Task:
Scan the entries for the word "Hotel". Every line that has it should be copied.

Stored data entries:
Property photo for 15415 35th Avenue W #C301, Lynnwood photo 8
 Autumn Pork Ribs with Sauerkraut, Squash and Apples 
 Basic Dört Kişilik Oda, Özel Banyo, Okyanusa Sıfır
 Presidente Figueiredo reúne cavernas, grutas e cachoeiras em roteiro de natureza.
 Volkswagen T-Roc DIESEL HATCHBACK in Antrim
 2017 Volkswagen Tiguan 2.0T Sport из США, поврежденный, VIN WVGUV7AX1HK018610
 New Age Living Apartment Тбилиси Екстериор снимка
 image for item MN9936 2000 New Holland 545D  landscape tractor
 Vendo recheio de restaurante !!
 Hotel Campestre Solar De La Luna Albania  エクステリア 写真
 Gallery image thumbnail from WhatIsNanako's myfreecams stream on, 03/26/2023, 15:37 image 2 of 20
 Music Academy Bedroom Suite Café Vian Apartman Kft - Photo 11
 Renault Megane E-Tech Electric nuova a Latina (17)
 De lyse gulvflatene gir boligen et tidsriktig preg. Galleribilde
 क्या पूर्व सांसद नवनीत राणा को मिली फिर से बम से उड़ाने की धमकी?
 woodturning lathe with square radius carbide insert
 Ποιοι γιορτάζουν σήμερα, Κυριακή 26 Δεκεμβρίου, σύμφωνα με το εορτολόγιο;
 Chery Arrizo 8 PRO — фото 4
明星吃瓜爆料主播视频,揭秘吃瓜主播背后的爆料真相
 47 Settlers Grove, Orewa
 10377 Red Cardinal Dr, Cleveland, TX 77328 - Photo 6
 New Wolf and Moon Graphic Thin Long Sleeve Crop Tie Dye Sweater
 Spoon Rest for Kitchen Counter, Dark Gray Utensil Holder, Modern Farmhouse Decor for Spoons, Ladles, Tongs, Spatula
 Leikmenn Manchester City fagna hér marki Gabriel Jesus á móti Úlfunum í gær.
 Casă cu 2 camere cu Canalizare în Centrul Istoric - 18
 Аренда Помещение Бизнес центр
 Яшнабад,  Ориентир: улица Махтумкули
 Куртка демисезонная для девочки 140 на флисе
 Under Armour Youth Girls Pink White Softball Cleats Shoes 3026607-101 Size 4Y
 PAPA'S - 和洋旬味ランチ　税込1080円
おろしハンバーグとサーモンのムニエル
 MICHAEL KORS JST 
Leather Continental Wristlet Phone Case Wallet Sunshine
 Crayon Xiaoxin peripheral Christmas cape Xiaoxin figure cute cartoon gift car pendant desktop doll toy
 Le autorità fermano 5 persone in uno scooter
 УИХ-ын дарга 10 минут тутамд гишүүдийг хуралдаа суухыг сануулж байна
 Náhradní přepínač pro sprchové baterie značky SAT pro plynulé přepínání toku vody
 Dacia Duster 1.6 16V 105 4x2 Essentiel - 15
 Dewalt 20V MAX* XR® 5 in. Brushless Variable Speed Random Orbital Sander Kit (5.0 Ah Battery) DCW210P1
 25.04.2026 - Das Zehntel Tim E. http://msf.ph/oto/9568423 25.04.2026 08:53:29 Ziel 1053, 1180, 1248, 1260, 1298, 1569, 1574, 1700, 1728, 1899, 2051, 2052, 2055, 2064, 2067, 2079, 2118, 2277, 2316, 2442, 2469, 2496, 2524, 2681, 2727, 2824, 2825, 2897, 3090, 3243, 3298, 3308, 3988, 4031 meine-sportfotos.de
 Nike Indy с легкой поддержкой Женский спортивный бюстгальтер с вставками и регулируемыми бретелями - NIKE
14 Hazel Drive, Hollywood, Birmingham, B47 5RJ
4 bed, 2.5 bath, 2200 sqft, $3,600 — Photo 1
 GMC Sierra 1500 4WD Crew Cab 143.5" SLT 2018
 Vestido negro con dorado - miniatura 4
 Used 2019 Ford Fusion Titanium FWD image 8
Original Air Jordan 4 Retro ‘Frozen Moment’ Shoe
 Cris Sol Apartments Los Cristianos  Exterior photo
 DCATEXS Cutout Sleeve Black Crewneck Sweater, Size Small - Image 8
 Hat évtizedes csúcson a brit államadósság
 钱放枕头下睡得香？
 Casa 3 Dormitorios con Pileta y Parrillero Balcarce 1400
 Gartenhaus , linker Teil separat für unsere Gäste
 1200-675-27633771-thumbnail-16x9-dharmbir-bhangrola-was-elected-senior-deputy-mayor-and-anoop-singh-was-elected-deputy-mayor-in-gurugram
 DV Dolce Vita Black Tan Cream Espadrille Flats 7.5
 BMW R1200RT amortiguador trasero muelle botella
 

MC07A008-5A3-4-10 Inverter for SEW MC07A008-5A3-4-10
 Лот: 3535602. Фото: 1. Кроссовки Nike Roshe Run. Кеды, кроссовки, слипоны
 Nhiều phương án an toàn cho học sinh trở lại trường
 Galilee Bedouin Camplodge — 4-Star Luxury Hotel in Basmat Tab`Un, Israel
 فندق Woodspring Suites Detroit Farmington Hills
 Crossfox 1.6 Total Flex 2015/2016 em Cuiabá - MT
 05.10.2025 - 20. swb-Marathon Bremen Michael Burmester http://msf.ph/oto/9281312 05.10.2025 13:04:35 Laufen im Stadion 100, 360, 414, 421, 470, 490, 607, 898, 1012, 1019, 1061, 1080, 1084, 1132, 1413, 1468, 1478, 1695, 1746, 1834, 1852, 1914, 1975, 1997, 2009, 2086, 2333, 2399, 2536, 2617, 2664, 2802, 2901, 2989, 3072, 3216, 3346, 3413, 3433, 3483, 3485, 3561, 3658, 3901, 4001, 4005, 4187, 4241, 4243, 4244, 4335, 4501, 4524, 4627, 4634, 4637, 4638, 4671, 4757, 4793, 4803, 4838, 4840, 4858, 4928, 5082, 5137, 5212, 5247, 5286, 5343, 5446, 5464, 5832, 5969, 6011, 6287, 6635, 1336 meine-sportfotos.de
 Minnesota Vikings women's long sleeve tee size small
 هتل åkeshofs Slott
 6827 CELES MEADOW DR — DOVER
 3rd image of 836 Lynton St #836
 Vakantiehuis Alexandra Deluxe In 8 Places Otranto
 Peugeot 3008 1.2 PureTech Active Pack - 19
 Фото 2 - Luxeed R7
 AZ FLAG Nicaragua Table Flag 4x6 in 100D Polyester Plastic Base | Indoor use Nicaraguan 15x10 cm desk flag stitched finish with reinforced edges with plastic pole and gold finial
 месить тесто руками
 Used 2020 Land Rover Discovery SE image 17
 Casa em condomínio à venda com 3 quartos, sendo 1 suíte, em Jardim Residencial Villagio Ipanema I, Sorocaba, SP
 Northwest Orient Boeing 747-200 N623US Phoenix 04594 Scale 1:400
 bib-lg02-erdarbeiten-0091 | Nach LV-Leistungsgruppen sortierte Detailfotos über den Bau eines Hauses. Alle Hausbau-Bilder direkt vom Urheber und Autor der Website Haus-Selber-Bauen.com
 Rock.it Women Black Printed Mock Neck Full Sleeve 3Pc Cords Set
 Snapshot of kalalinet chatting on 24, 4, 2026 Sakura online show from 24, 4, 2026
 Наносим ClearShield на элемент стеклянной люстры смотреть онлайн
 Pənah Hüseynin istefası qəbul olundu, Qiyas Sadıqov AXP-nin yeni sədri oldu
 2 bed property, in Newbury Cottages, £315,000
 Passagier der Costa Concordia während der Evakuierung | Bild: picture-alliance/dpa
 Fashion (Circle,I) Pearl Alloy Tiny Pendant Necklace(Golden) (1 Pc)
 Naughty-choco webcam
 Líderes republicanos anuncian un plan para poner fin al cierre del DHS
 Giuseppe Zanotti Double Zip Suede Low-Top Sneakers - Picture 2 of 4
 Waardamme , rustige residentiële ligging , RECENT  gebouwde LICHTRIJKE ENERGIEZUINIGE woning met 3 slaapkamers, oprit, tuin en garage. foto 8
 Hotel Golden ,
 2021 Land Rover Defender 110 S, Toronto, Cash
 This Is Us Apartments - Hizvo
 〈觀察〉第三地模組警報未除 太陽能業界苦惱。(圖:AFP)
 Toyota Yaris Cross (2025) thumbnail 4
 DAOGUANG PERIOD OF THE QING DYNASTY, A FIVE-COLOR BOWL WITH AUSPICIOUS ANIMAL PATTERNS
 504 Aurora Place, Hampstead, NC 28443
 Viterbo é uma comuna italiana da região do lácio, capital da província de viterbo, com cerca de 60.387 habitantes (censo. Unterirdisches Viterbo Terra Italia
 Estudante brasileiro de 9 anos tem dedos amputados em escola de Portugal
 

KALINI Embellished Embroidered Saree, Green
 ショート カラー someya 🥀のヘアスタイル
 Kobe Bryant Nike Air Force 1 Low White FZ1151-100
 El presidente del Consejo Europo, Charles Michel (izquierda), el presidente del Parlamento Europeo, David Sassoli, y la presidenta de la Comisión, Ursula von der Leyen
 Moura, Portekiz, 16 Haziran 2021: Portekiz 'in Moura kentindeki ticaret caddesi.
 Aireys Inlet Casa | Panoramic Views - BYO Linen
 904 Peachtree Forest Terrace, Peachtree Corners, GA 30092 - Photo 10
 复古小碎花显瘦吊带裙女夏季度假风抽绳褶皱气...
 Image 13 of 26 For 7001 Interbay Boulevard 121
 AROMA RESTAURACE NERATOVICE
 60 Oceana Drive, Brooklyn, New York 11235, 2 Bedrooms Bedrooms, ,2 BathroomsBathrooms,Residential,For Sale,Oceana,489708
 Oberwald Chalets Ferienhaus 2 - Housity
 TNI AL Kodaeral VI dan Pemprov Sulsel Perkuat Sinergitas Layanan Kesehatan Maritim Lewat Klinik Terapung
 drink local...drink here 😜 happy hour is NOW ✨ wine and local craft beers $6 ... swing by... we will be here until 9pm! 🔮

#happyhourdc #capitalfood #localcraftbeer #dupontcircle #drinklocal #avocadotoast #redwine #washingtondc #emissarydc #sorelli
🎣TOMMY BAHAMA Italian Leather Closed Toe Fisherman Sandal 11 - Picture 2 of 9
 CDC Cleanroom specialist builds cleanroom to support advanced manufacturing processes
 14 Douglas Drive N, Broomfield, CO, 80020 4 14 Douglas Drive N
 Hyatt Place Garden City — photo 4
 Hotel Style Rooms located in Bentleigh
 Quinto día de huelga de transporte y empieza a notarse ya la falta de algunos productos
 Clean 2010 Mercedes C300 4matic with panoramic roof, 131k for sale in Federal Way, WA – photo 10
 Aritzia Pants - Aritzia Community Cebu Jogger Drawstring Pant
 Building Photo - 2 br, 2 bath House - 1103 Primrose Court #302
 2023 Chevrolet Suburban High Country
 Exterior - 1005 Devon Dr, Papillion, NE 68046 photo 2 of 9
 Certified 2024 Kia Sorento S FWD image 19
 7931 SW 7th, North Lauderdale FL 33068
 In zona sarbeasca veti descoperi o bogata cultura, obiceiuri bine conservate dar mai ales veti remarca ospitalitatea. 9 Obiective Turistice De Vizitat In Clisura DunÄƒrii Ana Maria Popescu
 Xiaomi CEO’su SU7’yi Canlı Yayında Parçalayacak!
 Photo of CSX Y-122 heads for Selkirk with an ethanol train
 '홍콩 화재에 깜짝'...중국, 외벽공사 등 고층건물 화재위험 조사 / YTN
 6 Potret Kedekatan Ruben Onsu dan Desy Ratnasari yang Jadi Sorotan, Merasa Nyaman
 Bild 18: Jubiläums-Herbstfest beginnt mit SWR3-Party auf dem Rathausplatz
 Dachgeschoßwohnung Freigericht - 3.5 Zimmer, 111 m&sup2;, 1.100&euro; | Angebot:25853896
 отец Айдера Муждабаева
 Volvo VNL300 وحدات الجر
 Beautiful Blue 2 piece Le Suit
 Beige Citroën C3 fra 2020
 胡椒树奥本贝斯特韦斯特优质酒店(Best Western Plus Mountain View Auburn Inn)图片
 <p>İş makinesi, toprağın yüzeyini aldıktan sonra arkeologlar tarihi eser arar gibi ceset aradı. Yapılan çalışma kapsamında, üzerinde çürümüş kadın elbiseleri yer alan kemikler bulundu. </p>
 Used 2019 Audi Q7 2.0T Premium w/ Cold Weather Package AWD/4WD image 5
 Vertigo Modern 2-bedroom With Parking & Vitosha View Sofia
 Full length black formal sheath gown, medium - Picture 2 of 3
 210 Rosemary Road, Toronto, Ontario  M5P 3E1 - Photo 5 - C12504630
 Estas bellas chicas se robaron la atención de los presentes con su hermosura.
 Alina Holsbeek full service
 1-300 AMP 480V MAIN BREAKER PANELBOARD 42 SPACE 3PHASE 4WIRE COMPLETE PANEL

Response:
 Hotel Campestre Solar De La Luna Albania  エクステリア 写真
 Galilee Bedouin Camplodge — 4-Star Luxury Hotel in Basmat Tab`Un, Israel
 Hotel Golden ,
 Hotel Style Rooms located in Bentleigh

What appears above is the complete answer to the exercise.